Sessiz Devrim: Vakıflar

İslam’ın uygulama sâhasına konulan ve alışkanlık hâline gelen bu zekât emri -ki bazı bilginlere göre Kur’ân’da 82 defa geçiyor- (zekât, sadaka ve infâk kelimeleri ve türevleri kastedilmiş olabilir) sayesinde Müslüman toplumunda vakıf kurumunun yayılışı sûretiyle sessiz bir devrim gerçekleştirmiştir. Bu kurumun; mânâsı ve yayılışı îtibâriyle, diğer medeniyetlerde eşi yoktur. Hemen hemen hiçbir Müslüman ülke yok ki, genel halkın istifâdesi için muazzam mallar vakfedilmiş olmasın. Kur’ân’da vakıf açıklıkla zikredilmiş olmamakla beraber, bu yaygınlık tesâdüfî değildir. Vakıf yardımlaşma rûhunun bir meyvesi ve zekâtın terbiye edici tesirinin bir sonucu olarak ortaya çıkmıştır. Bu insânî kurum, bazı önemli sosyal(toplumsal) gâyelerin zor kullanılmadan gerçekleşeceği ümîdini vermektedir. Ahlâkî maksatların hizmetinde maddî bir kıymet olarak vakıf, ekonomi sâhasında önemli değişikliklerin maddî menfaat (yarar) söz konusu olmadan da, meydana gelebileceğini göstermektedir. Bu yönüyle vakıf kurumu “doğal iktisat kanunları” denilen şeye zıttır ve siyâsî iktisat açısından bakıldığında bir anomali (metodolojiye aykırı, normalin tersi) bir örnek teşkîl etmektedir. Fakat iki yönlülüğü (insaflı bir ekonomik kategori) göz önüne alınırsa, vakıf, tipik bir İslâmî kurum olarak meydana çıkar.

Aliya İzzetbegoviç

islamekonomisi.org

Vakıfların İşlevine Dair Bir Örnek: Karatay Kervansarayı

Kervansaray’da, oraya gelen bütün yolcuların meccânen (karşılıksız) yemek yemesi için bir aşhâne vardır.. Kervansaray’a gelen (Müslüman, kâfir, hür veya köle) her yolcuya müsâvi (eşit) olarak bir okka (ya da kiyye, şehir ve kasabalara göre ağırlık değeri farklılık göstermekle beraber, genellikle 1282 gram değerinde kabul edilmiştir) et ve bir çanak da yemek verileceği şart kılınmaktadır ki, vâkıf (vakfın kurucusu), burada bahsedilen okkanın yüz dirhem (okkanın dört yüzde biri, 31 desigram, ortalama 70 adet arpa ağırlığına karşılık gelir) olduğunu tasrih (beyan) ediyor.

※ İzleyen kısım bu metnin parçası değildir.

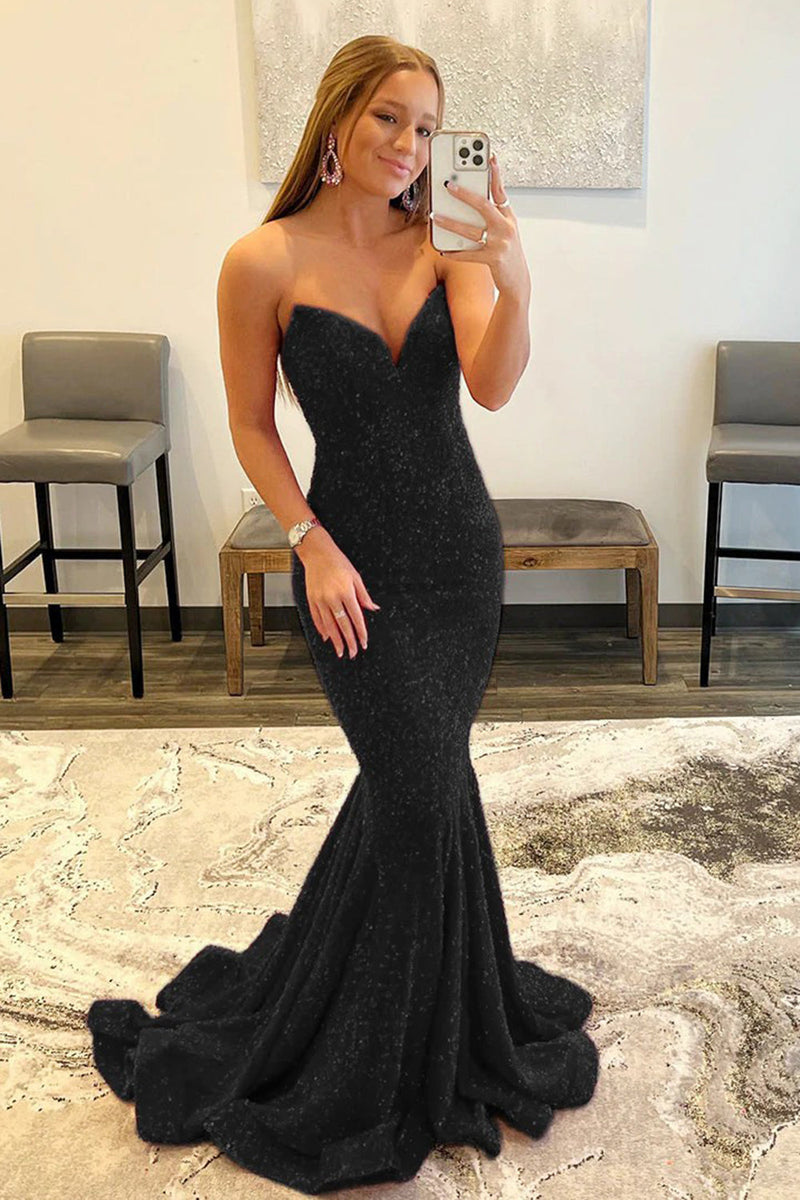 Load image into Gallery viewer, Black Sweetheart Mermaid Prom Dress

Bunlardan başka, bu devrin zâviye(1), imâret(2), medrese(3) ve sâir bu kabil bütün içtimai müesseselerinde görüldüğü gibi, burada da vâkıf, her Cuma akşamı bal helvası yapılıp bütün yolculara dağıtılmasını şart kılmaktadır.

Bu zamanlarda balın Anadolu’da bol, ucuz ve nefis olduğu el-Umeri gibi diğer çağdaş kaynaklarda da zikredilmektedir. Esasen Ortaçağda şeker istihsâlinin (üretiminin) azlığı onu lüks ve pahalı bir gıda maddesi haline soktuğundan bu gibi müesseselerde daima tatlılar için balın istihlâk edildiği (tüketildiği) görülmektedir.

Kervansaray’da yolcuların bu ihtiyaçlarını gördükten sonra ayakkabılarını tamir veya ayakkabısı olmayanlara yeni ayakkabı verileceği hususundaki vakıf şartları çok dikkate şayandır. Bunun gibi hana gelen hayvanların nallanması için nal ve çivi tahsis edilmekte ve bunlar için vakıf gelirinden gerektiği nisbette deri, sahtiyân (cilâlı deri), çivi ve nal satın alınması şart kılınmaktadır.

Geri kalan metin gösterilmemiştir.